You also can create function-based commands.

from django_micro import command

@command
def print_hello(cmd, **options):
    cmd.stdout.write('Hello, Django!')

Unfortunately, the command decorator uses a few dirty hacks for command registration. But everything works fine if you don’t think about it ;)

Custom template tags

Use template for register template tags. It works same as a register object in tag library file.

from django_micro import template

@template.simple_tag
def print_hello(name):
    return 'Hello, {}!'

@template.filter
def remove_spaces(value):
    return value.replace(' ', '')

You don’t need to use the load tag. All template tags are global.

Testing

No magick. Use built-in test cases.

from django.test import TestCase

class TestIndexView(TestCase):
    def test_success(self):
        response = self.client.get('/')
        self.assertEqual(response.status_code, 200)

To run tests which defined in app.py use the following command:

$ python app.py test __main__

Admin interface

Django-admin requires lots of dependencies in apps and middlewares. We’ve realized that it’s not a simple way to add a huge list of apps to your config just to use the admin interface. So we added a shortcut django_admin=True to the configure function that automatically includes all the needed dependencies.
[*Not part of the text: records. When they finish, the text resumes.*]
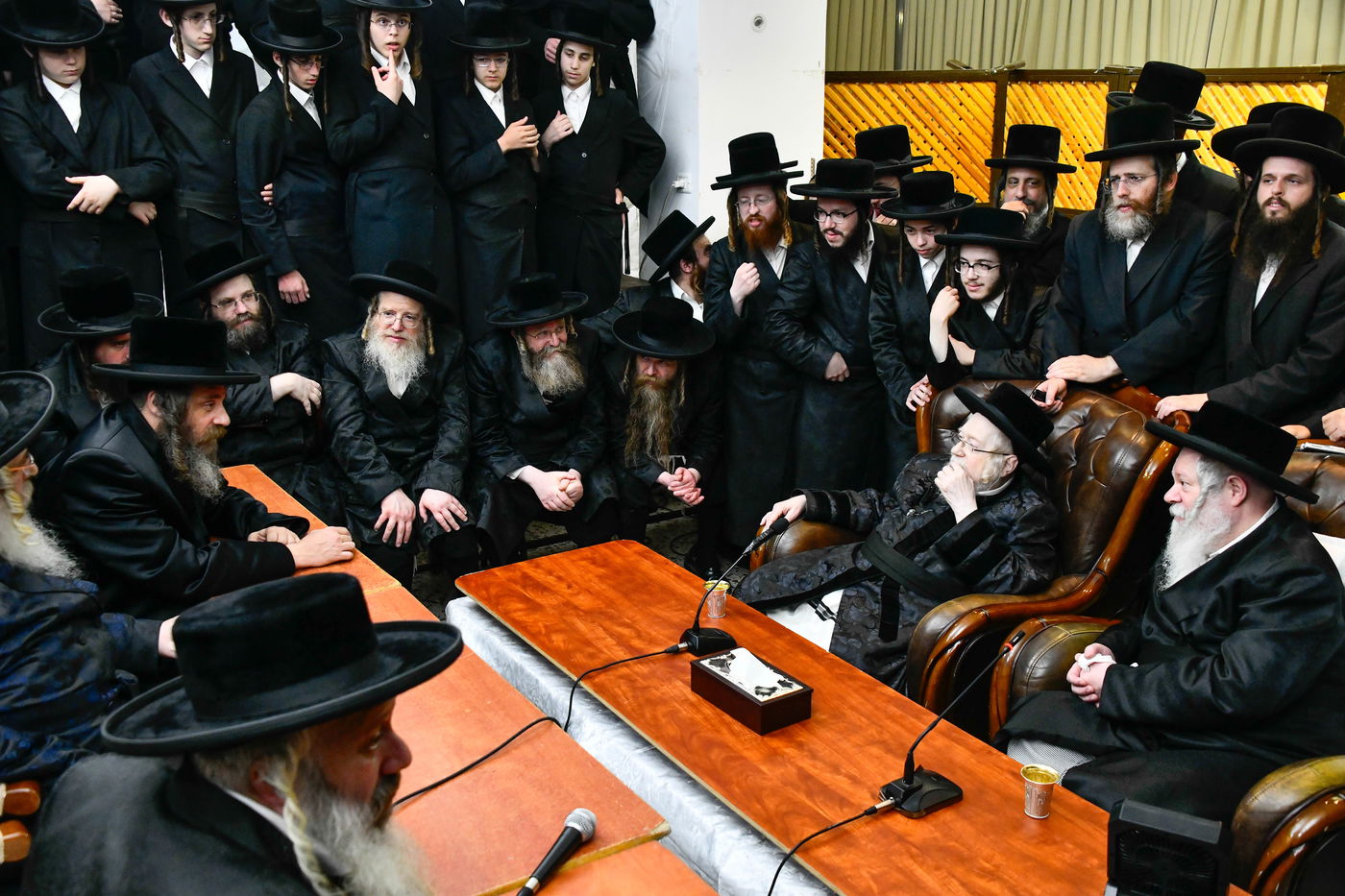 ניחום אבלים אצל האחים האדמו"רים מקרעטשניף ופרמישלאן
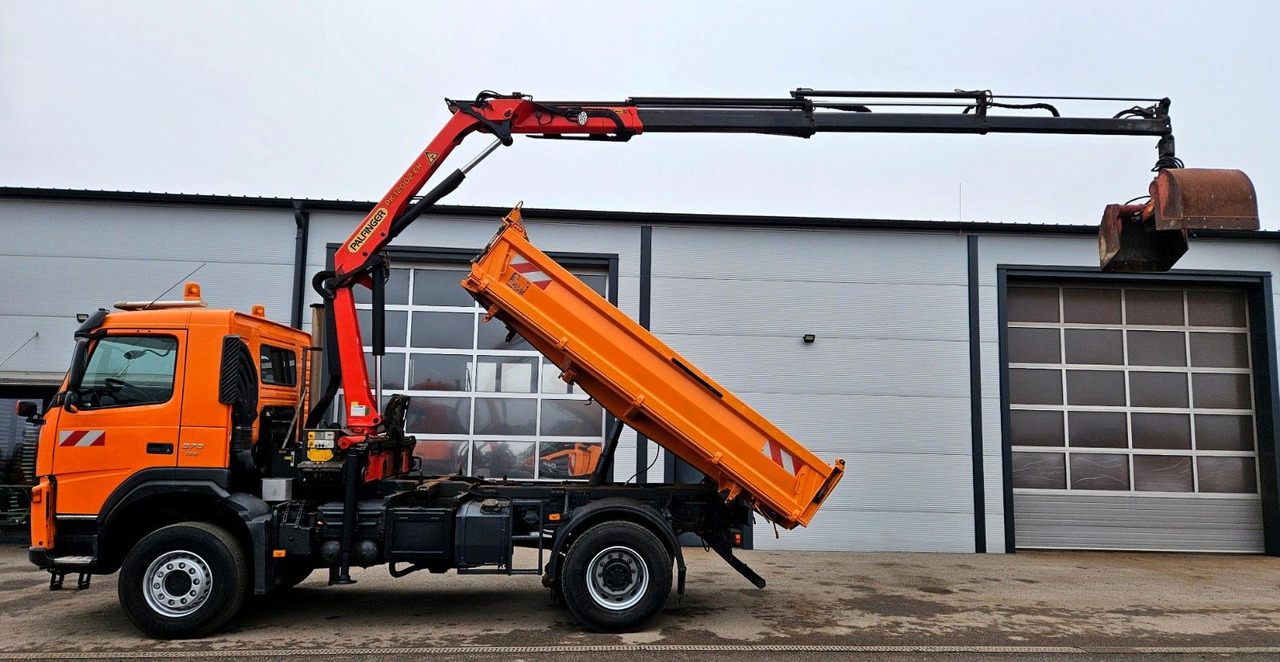 Volvo FM 370 4x4 Palfinger PK12002 Funk Kran EEV - Kipper vrachtwagen, Kraanwagen: afbeelding 2 Volvo FM 370 4x4 Palfinger PK12002 Funk Kran EEV - Kipper vrachtwagen, Kraanwagen: afbeelding 2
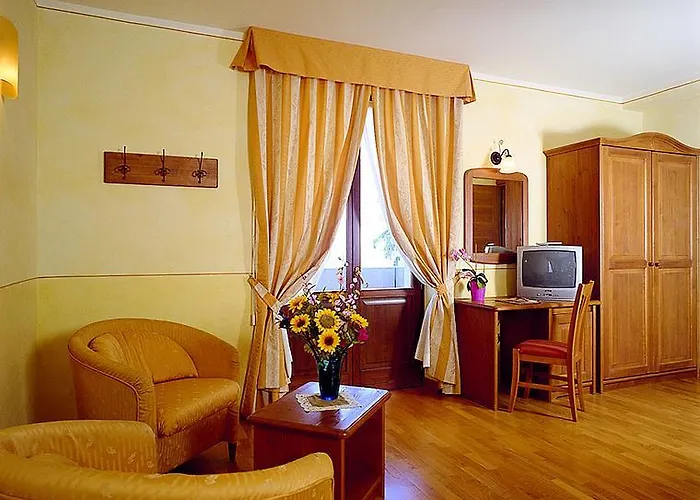 Sole 3* San Zeno di Montagna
from django.contrib import admin
from django_micro import configure

configure(locals(), django_admin=True)


class Post(models.Model):
    title = models.CharField(max_length=255)
    content = models.TextField(blank=True)
    create_date = models.DateTimeField(auto_now_add=True)

    class Meta:
        app_label = get_app_label()
        ordering = ('-create_date',)


@admin.register(Post)
class PostAdmin(admin.ModelAdmin):
    pass


route('admin/', admin.site.urls)

Who uses django-micro

  • storagl — simple storage for screenshots and other shared files with short direct links

Related projects

  • importd — Popular implementation of django-as-microframework idea, but too magical and over-engineered in my opinion.
  • djmicro — Good and lightweight wrapper. I’ve took a few ideas from there. But it’s an experimental, undocumented and doesn’t develop anymore.